Reducing Unintended Pregnancies for Low-Income Women

Children born to young, unmarried mothers in the United States face an elevated risk of poverty. More than half of births last year to women under the age of thirty were outside of marriage. In 2012, single mothers headed nearly 25 percent of families, compared to 13 percent in 1970 (U.S. Census Bureau 2012). In that same year, 47 percent of children living in single-mother families lived below the federal poverty level, more than four times the 11 percent poverty rate for children living with their married parents (U.S. Census Bureau 2013). Children of single mothers fare less well in school and in life than children of married parents (see McLanahan and Sandefur 1994; Waldfogel, Craigie, and Brooks-Gunn 2010). For these reasons, addressing the situation into which children are born needs to be a key component in our nation’s fight against poverty.

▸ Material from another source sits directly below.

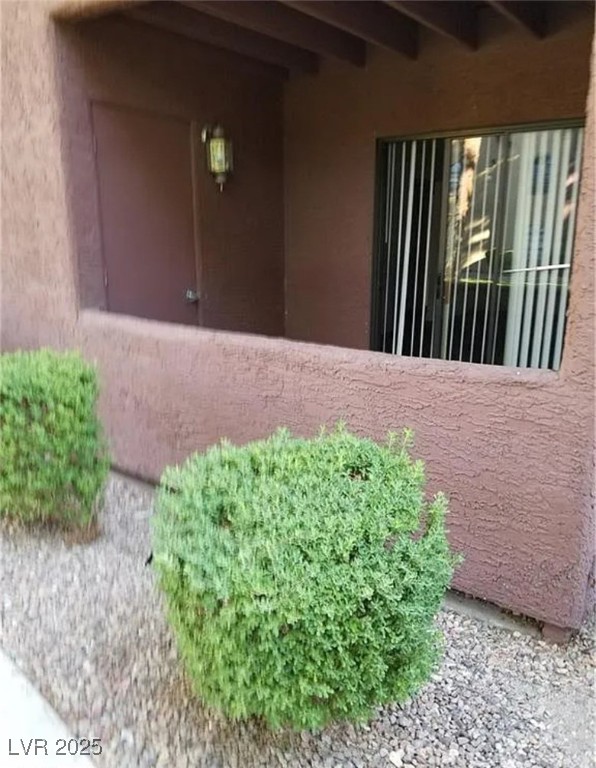 4050 Pacific Harbors Drive #149, Las Vegas, Nevada image 13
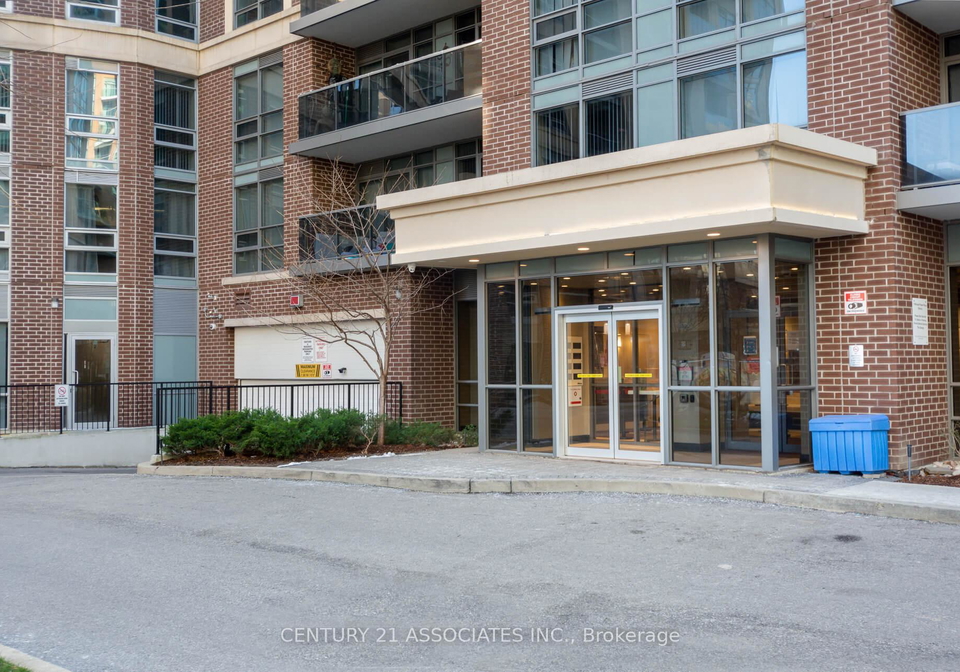 1-michael-power-place-etobicoke-ontario-w12360245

Most single mothers claim that their pregnancy was unwanted or mistimed. Because births to unmarried mothers are largely unintended births, we believe that the most realistic approach to slowing the growth of single-parent families is to help women delay childbearing until both parents are ready to raise a child and prepared to make a long-term commitment to the other parent. Doing so will improve child well-being and reduce child poverty rates. 

To that end, we propose a social marketing campaign designed to improve knowledge and attitudes about ways to prevent unintended pregnancies so that women can make better-informed decisions. Specifically, we propose that the U.S. Department of Health and Human Services’ Office of Population Affairs (OPA) use Title X monies to fund states for the purpose of launching a social marketing campaign to educate women about the safety, effectiveness, and convenience of long-acting reversible contraceptives, or LARCs. These state-run campaigns would target the population of women most vulnerable to births outside of marriage: low-income women between the ages of fifteen and thirty.